Highlighting the ability in disability
Lutheran Services is one of the longest established community care providers in Queensland. Its origins can be traced back to 1935 with the establishment of Salem Lutheran Rest Home in Toowoomba.
Today, Lutheran Services provides care, support and accommodation for older people, young people and their families, people living with disability or mental illness, and families experiencing domestic violence and hardship. The organisation is a major presence in the many urban, regional and rural communities it serves.
As a diaconal ministry of the LCA’s Queensland District, Lutheran Services exists to serve, bringing Christian faith and love to life. As stated on its website, the organisation ‘walks together with congregations, individuals and communities to tend to human need in the spirit of Christian love and service’.
Lutheran Services, through its previous incarnations, established workshops, accommodation and support services for people living with disability and mental illness in the early 1970s. Many of these initiatives were the first of their kind in Queensland. Today, Lutheran Services provides disability support services at several regional communities throughout south-east Queensland.

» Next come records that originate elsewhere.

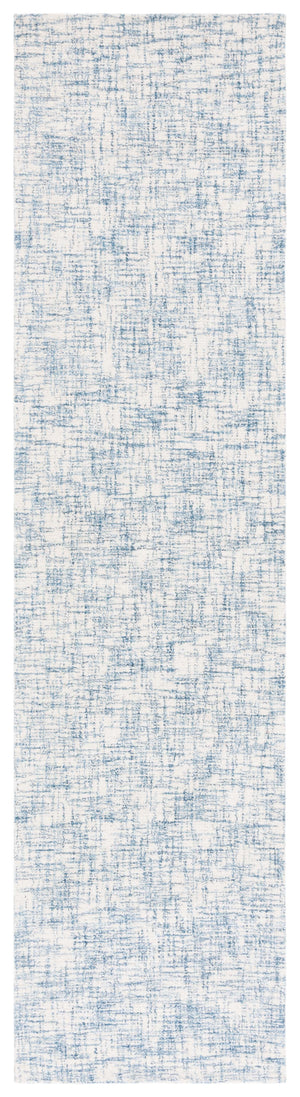 Safavieh Ebony 350 Hand Tufted  Rug Blue / Ivory 2'-3" x 9'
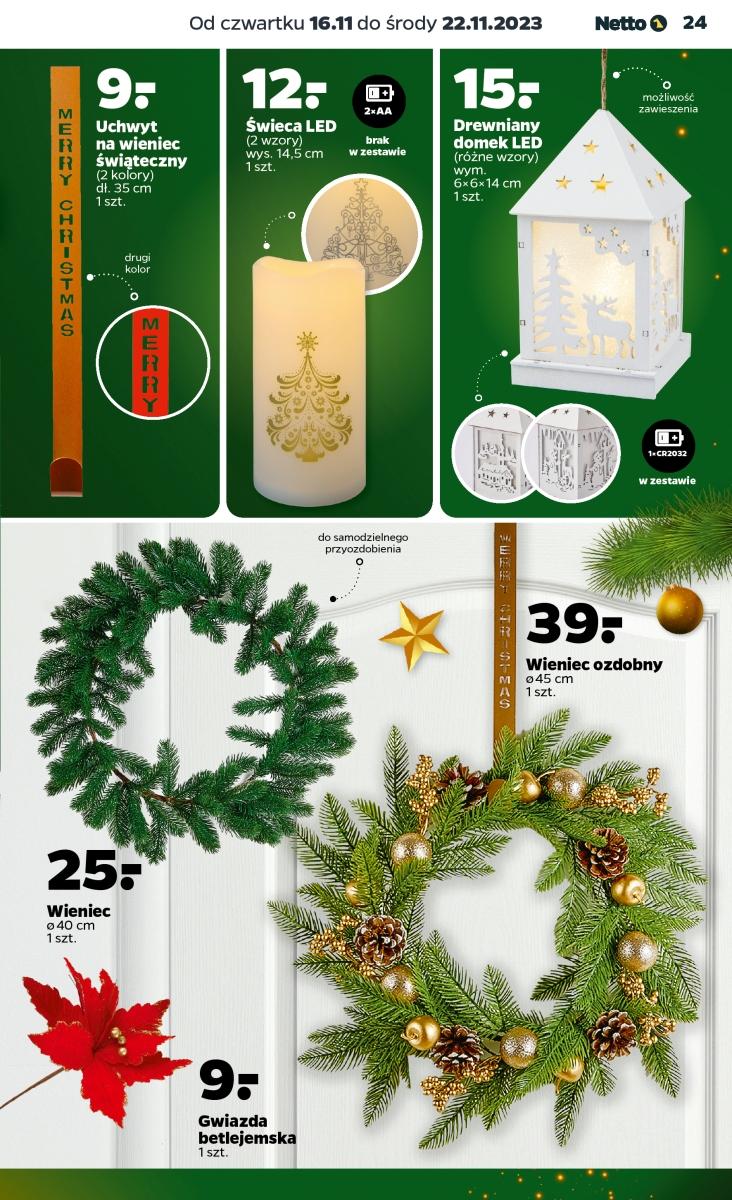 Gazetka promocyjna Netto str. 24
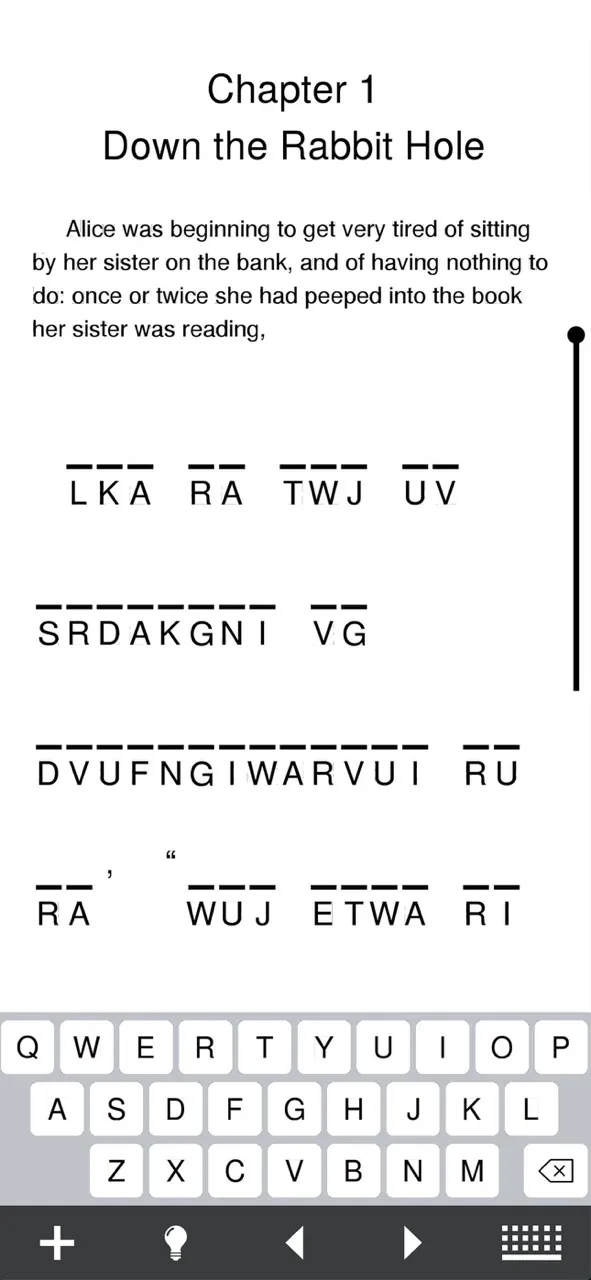 Cryptogram Tale | Permainan | XWorld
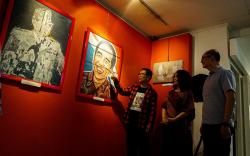 Pembukaan Pameran Foto Mural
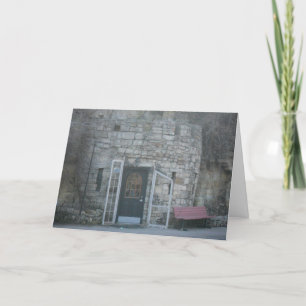 "Brasserie de Stillwater Caves" Carte Get Well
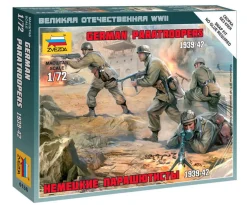 Zvezda 1/72 WWII German Paratroops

These include supported accommodation, in-home support, day programs, social support groups, community engagement and skills development programs.
The disability support initiatives are complemented by an array of creative engagement programs – activities and projects that promote personal development, wellbeing, collaboration and community. One such example is a mixed-ability cross-cultural performance project called ‘Confusion Inclusion’ – an innovative and ambitious idea that yielded spectacular results.
The project brought together performers from two disability services on opposite sides of the world – the Lutheran Services Keystone Centre in Logan, and Popeye from Nagoya in Japan. Employing music, dance and storytelling, Confusion Inclusion sought to ‘build a bridge from confusion to inclusion’. After much planning and rehearsal, the performers gave a public show at Butterbox Theatre at Logan between Brisbane and the Gold Coast. It lit up the theatre. The audience cheered and sang along as the grinning Keystone Crew ‘busted’ their moves.
Keystone’s Boden Nicholson says inclusion is central to the project: ‘It’s a great community effort in the true spirit of inclusion, where we strive to make the world a more accessible place for all. And what a great experience! For those in the audience, it’s a wonderful show. For those performing, it’s the opportunity of a lifetime.’
Confusion Inclusion provided Keystone participant Matthew the opportunity to try new things, develop new skills and make new connections. ‘It was my first time on stage’, Matthew beams. ‘I loved dancing to the songs. The Japanese dancers were great and are good friends. I can’t wait to dance on stage again.’